| What to work on |
Report, as a single number, how many lines of the records contain the word "Shirt".

| Material for the task |
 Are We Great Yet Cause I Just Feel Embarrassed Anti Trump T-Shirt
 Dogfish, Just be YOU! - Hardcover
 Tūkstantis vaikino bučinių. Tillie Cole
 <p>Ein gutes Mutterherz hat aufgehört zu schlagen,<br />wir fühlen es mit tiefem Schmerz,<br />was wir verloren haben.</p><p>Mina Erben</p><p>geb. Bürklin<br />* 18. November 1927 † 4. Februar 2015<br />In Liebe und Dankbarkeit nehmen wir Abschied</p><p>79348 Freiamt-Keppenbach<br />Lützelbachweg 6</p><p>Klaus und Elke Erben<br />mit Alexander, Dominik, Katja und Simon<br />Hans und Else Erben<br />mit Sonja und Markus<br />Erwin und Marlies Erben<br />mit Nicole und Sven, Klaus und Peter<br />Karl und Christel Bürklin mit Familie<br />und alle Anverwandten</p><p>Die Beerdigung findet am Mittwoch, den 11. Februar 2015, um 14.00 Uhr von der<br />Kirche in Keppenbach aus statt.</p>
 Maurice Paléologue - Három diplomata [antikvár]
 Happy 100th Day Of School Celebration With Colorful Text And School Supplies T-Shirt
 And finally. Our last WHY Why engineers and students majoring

* * *

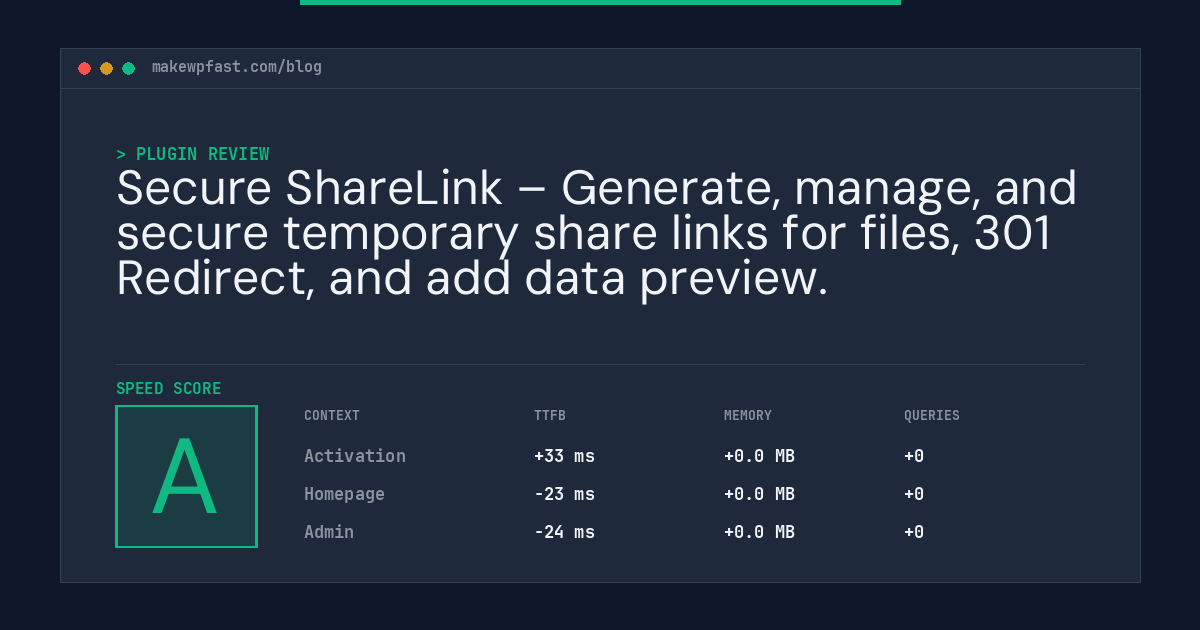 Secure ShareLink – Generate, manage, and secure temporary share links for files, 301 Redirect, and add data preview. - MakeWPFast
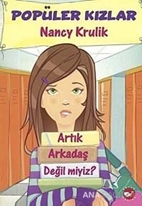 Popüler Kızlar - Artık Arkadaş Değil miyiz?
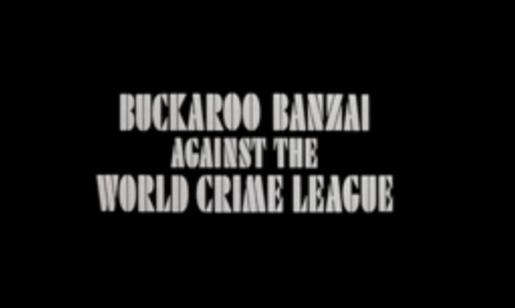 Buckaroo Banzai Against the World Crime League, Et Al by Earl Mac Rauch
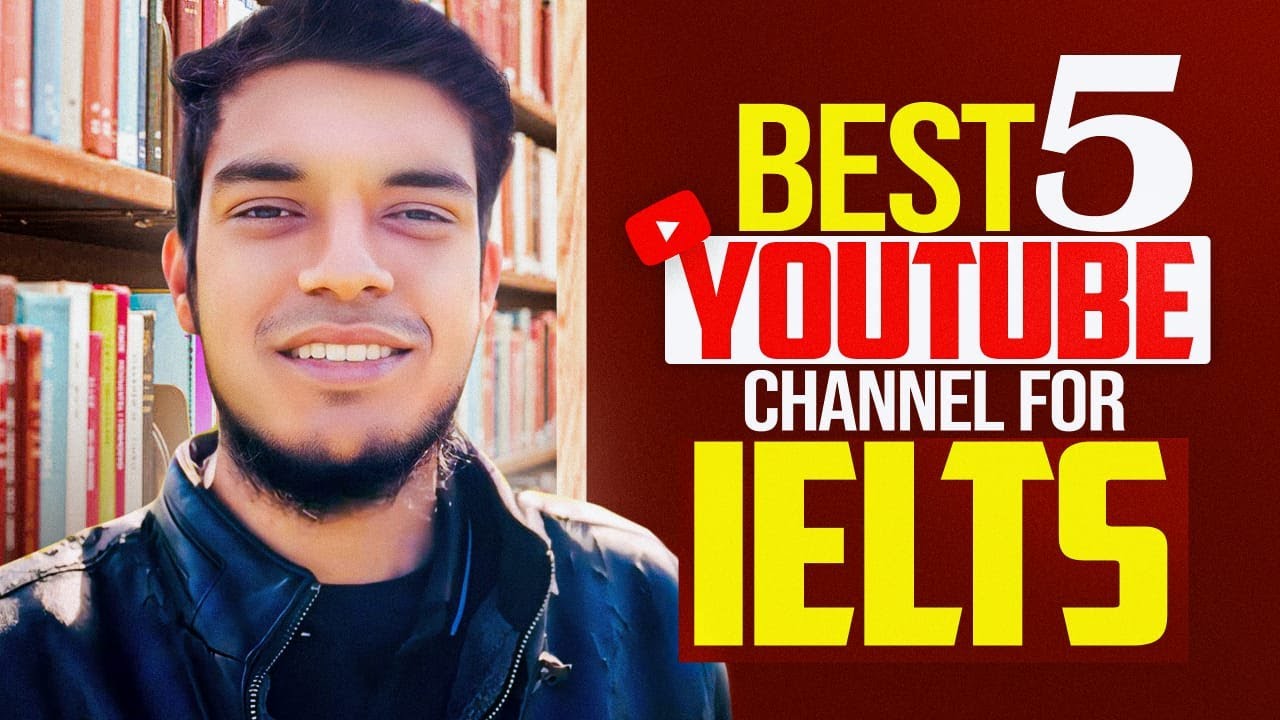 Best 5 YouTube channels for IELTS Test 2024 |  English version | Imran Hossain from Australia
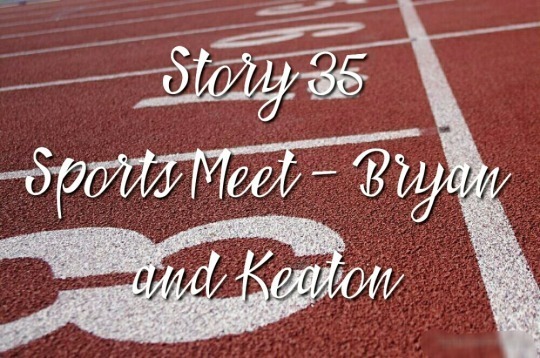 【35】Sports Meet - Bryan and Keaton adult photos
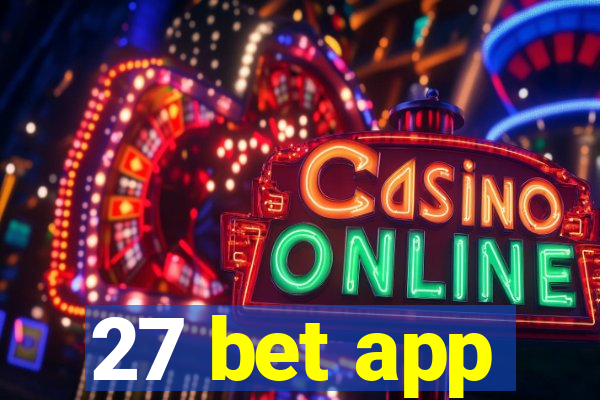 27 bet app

---

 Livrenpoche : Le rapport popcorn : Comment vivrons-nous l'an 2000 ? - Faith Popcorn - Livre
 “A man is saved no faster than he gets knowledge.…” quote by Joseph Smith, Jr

| Response area |
2